Music, Politics, and Nationalism in Latin America: Chile During the Cold War Era by Jedrek Mularksi| 05 February, 2015
Music, Politics, and Nationalism in Latin America looks at how culture, specifically folk music – música típica (typical music), neofolclore (new folklore) and nueva canción – was appropriated for the purposes of politics, propaganda, patriotism and national identity.
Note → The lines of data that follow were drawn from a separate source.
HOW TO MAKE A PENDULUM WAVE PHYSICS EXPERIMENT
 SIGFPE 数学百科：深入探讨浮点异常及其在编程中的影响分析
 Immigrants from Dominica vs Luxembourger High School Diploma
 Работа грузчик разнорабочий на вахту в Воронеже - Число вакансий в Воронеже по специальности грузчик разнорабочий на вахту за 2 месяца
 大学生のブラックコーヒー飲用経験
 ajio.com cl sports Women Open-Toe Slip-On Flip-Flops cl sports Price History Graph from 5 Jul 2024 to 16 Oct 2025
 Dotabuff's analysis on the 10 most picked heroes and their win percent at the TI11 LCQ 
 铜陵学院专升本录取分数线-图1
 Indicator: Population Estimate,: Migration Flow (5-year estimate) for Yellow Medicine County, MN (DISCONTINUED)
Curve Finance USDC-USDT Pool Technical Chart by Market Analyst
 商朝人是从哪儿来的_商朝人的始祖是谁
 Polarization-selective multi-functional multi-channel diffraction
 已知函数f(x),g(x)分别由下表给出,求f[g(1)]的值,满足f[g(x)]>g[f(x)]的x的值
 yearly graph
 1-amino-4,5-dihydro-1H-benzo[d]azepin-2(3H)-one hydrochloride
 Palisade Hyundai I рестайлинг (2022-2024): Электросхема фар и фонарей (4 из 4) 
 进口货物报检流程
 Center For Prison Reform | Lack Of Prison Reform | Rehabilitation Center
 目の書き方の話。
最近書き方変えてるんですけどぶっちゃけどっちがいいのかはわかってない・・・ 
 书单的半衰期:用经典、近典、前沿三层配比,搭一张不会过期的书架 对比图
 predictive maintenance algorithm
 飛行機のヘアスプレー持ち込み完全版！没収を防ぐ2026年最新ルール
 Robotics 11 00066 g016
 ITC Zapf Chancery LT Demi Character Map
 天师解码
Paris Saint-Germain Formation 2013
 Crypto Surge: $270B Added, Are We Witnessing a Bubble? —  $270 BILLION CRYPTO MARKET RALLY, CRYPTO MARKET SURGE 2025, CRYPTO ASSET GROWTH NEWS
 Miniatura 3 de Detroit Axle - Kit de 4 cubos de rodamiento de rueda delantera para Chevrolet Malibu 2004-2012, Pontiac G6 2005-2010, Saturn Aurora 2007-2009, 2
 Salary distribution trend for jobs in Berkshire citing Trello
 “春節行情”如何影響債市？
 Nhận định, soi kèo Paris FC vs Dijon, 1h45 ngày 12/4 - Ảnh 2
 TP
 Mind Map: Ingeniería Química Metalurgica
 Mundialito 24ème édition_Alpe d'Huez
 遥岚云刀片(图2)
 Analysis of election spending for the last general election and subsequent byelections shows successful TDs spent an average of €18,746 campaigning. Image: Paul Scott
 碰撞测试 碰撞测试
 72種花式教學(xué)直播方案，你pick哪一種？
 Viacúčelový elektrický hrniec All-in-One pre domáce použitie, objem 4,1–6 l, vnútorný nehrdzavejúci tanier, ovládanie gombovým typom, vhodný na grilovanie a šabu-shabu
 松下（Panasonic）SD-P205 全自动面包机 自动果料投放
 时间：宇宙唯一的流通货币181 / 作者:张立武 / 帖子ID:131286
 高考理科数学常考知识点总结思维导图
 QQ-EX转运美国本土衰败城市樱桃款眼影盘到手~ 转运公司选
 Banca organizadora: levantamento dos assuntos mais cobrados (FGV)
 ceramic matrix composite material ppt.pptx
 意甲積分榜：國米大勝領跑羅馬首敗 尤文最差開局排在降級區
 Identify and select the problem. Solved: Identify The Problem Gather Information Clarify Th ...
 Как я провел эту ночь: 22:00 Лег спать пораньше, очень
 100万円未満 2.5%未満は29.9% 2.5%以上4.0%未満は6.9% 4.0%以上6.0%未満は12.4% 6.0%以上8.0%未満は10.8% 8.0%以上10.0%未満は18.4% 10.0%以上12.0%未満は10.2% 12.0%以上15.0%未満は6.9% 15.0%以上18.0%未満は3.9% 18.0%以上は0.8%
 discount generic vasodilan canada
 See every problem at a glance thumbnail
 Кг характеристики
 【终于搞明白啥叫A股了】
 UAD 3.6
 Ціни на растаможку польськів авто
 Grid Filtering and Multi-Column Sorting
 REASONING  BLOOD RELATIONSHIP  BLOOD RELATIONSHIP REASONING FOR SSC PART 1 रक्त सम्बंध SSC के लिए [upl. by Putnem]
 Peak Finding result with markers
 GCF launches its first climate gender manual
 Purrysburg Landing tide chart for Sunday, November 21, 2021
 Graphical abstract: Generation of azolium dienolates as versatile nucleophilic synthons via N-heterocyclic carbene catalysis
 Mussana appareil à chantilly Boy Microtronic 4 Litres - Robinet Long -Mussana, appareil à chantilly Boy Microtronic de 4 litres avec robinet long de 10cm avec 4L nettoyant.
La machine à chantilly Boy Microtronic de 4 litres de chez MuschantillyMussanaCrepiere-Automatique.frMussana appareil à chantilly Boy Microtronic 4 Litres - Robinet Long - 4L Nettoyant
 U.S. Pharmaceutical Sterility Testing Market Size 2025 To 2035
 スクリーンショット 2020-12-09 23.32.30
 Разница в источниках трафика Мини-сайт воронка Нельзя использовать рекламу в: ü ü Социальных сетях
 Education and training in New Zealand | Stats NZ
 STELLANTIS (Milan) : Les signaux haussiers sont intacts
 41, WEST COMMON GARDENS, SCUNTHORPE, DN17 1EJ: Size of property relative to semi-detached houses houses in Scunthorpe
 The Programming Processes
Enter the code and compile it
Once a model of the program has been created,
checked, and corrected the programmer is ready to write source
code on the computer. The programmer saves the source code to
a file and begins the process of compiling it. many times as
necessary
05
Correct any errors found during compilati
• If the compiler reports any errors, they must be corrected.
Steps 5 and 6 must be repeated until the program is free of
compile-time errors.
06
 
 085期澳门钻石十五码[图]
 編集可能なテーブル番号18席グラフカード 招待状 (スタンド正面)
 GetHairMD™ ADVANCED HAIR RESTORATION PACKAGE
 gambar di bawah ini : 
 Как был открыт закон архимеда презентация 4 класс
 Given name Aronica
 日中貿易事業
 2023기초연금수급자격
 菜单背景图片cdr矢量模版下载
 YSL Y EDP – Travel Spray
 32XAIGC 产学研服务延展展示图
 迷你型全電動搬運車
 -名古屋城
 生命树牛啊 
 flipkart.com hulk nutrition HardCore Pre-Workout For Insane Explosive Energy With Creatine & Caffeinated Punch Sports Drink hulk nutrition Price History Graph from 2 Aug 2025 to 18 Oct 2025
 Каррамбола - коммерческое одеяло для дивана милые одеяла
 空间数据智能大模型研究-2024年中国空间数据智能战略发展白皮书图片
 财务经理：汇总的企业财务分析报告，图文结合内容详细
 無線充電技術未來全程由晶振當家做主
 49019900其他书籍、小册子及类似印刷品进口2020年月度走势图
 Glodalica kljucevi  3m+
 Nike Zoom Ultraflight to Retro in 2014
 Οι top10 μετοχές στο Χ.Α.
The failure of Eduardo Frei’s Partido Demócrata Cristiano government (1964 to 1970) to instigate social, political and agrarian reforms resulted in the election of the Salvador Allende-led Unidad Popular coalition in 1970. Thereafter, as this story details, the Chilean establishment used all means necessary – ultimately ending in the 11 September, 1973, coup d’état – to destabilise the elected government. Patria y libertad (fatherland and freedom) won the day. Chile then enjoyed 18-years of well-publicised pariah-status for harbouring a murderous, fascist, military dictatorship.
Looping the Loop
Meanwhile, history is going round on the turntable. Book-ending this particularly lively discourse is folklorist, Victor Jara. Very much alive in the 1960s, bullet-ridden and dumped in a ditch by the middle of September 1973, he was reincarnated in the minds of Chile’s students in 2012, who 39 years hence, were still clamouring for a decent public education in a country where the rich and poor are separated by a chasm. If at this point you have a strong feeling of déjà vu, it is because stasis always builds a monument to inertia.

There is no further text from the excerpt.